**DATA PROVIDED**
+--

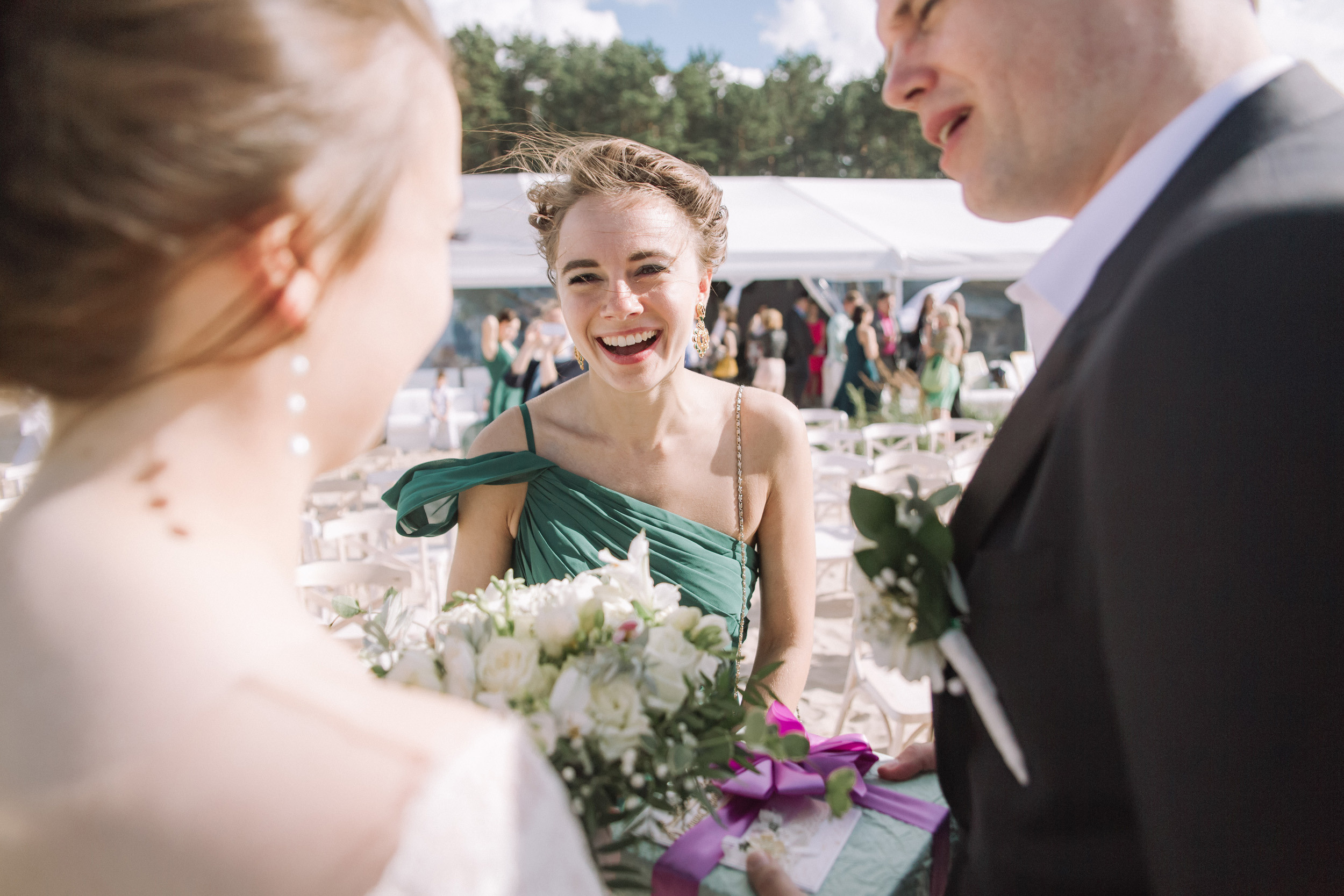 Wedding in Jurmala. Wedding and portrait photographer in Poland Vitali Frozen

+--

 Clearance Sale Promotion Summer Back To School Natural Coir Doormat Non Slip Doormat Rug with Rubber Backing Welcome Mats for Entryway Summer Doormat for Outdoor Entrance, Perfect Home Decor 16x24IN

+--

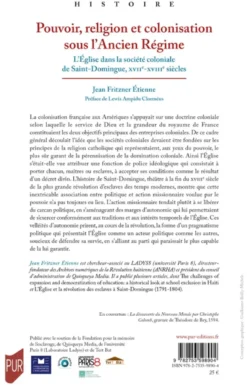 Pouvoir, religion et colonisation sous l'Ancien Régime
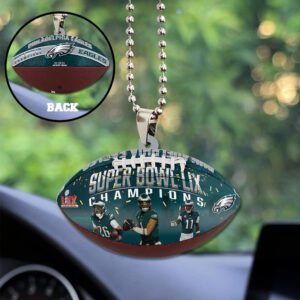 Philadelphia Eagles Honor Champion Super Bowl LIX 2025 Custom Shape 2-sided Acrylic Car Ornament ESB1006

+--

**GOAL OF THE EXERCISE**
Text only, no pictures: please print exactly the lines above from the line with "Pouvoir, religion et" up to and including the line with "Philadelphia Eagles Honor", and nothing else.

**YOUR SOLUTION**
 Pouvoir, religion et colonisation sous l'Ancien Régime
 Philadelphia Eagles Honor Champion Super Bowl LIX 2025 Custom Shape 2-sided Acrylic Car Ornament ESB1006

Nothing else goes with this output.